Educated at Sutton High School, she studied at St Hugh’s College, Oxford from 1909 – 1912, taking First Class honours in English with a specialism in Old Norse. Her degree was later awarded in Oxford's first degree ceremony for women in 1920.

== Career ==
After working as a teacher in England and America, Homersham was prompted to train as an accountant by the new opportunities for women after World War I. She earned a gold medal as a member of the Central Association of Accountants, and then joined the Society of Incorporated Accountants and Auditors in 1922, being elected a Fellow in 1925.

Homersham established an accountancy practice in her own name in London. This later became Homersham & Watts with Ethel Watts, the first English woman to qualify as an accountant by examination.

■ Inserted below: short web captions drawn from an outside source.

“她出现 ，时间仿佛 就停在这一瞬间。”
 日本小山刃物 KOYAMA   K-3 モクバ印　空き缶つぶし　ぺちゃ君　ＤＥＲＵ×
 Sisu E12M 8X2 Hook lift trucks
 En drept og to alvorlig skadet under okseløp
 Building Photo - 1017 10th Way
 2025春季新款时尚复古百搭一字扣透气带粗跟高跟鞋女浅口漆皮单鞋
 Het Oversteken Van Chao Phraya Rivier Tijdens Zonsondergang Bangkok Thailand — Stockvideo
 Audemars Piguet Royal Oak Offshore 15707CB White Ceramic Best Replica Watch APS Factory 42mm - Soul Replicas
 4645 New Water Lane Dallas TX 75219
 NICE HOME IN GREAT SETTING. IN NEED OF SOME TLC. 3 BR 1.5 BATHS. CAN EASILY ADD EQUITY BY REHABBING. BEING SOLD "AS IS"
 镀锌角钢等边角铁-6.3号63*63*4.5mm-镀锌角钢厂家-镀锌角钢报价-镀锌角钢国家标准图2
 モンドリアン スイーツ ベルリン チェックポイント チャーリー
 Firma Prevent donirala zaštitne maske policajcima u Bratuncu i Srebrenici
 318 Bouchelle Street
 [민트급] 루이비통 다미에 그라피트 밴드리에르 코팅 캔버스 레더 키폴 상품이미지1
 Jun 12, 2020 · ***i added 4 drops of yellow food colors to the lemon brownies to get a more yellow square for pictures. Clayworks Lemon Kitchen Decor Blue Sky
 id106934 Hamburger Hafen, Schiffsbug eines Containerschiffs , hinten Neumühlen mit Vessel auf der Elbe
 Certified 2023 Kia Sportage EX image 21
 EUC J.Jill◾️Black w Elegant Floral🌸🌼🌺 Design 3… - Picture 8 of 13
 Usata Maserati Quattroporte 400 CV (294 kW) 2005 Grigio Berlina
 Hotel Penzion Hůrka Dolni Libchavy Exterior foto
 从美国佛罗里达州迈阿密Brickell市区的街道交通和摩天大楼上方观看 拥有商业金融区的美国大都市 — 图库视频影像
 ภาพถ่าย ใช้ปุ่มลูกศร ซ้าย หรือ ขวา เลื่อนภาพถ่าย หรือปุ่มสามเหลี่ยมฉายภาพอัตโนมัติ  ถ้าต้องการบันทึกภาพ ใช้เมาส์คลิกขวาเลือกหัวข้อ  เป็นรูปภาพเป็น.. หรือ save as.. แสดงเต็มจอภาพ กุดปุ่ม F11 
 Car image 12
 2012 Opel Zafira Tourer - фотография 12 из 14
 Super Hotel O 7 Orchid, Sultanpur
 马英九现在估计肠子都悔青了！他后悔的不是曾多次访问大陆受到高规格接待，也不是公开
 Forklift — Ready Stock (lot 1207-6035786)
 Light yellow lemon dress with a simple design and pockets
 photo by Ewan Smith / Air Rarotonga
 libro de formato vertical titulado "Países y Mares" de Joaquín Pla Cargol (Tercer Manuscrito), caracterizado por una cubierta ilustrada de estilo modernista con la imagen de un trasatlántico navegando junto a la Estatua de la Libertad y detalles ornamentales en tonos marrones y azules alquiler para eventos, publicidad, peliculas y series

Homersham was a co-founder of Women's Pioneer Housing, the country's first housing association to focus on providing housing for single women, where she served as accountant. She often supported social causes such as clubs for working women by offering her accountancy services for a token fee or at no cost; and she supported other women getting into accountancy.

== Death ==
Homersham died on 27 July 1936, following an attempted suicide six weeks earlier. Her sister Katharine was named executor of her will.